A common alternative is to fail the configure step if the header or function is not found, while it makes a bit more sense, I still dislike that option, Sure you might be able to tell the reason why the function is needed and whether they have to install something else or upgrade their system, but in truth that made much more sense when there was near to no common ground between operating systems, and users were the common people running the ./configure script. Nowadays, that’s a task that is often limited to packagers, that know their systems much better. The alternative to failing in configure is failing during build, and it’s generally not too bad. Especially since you’ll be failing build for any condition you didn’t know about beforehand.

I have another reason to provide, as for why you shouldn’t be running all those tests for things you don’t support a fallback for: autoconf provides means to pass external libraries and include directives to the compiler; since having each package provide its replacement for common function is going to cause a tremendous amount of code duplication (which in turn may cause a lot of work for packages if one of them is broken, such as dtoa() anybody remembers that?), I’m always surprised that there aren’t many more libraries that provide compatibility replacements for the functions missing in the system C library (gnulib does not count as it’s solving the problem with code replication, if not duplication). Rather than fail, or trying to understand whether you can build or not depending on the OS used, just assume their presence if you can’t go without, and leave it to the developers running that system to come up with a fix, which might involve additional tests, or might not.

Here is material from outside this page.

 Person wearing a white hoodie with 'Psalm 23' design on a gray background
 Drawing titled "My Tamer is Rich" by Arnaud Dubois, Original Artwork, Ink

My suggestion here is thus to start considering first the operating systems you’re targeting directly; try to find what actually changes between them; in most cases, for instance, you might have still pieces of very-old systems around, like the include for malloc.h that is only useful if you want to call functions such as memalign() but is not used for malloc() since, well, ever (stdlib.h is enough for that), and that will cause errors on both FreeBSD and OS X if included. So once you find that a header is not present in some of your desired operating system, look up what replaces it, then make sure to check for it properly; that means using something like this:

dnl in configure.ac
AC_CHECK_HEADERS([stdint.h inttypes.h], [break;])

/* in your C code */
#if HAVE_STDINT_H
#  include 
#else HAVE_INTTYPES_H
#  include 
#endif

This way you won’t be running checks for a number of alternative headers on all systems: most modern C99-compatible system libraries will have stdint.h available, even though a few older systems will need for inttypes.h to be discovered instead. This might sound cheap, since it’s just two headers, but especially when you’re looking for the correct place of a library header, you might end up with an alternative among three or four headers, and add a bunch of alternatives here, and you’re going to have problems. The same trick can be used for functions, and the description is also on my guide so and I’ll soon expand it to cover functions as well.

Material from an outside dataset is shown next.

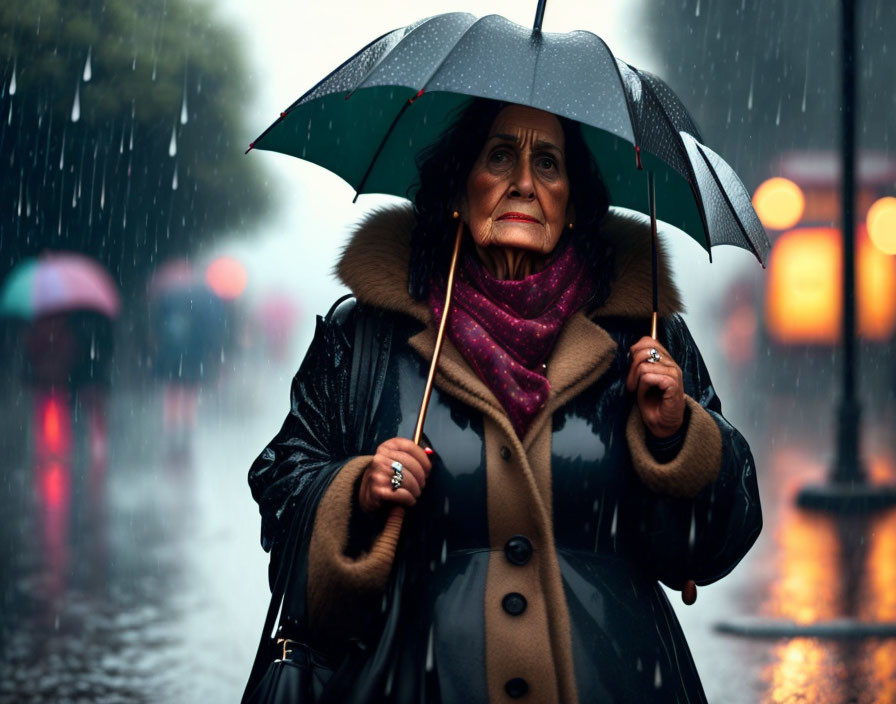 Elderly woman with glasses holding umbrella in the rain with blurred street lights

It shouldn’t “sound wrong” to have a configure.ac with near to no AC_CHECK_* call at all! Most of the tests autoconf will do for you, and you have the ability to add further, but there is no need to strain at using them when they are unneeded. Take as example the feng configure.ac — it has a few checks, of course, but they are limited to a few optional features that we workaround if missing, in the code itself. And some I would probably just remove (like making ipv6 support optional… I’d sincerely just make it work if it’s found on the system, as you still need to enable it in the configuration file to use it anyway).

And please, please, just don’t use autoscan, from now on!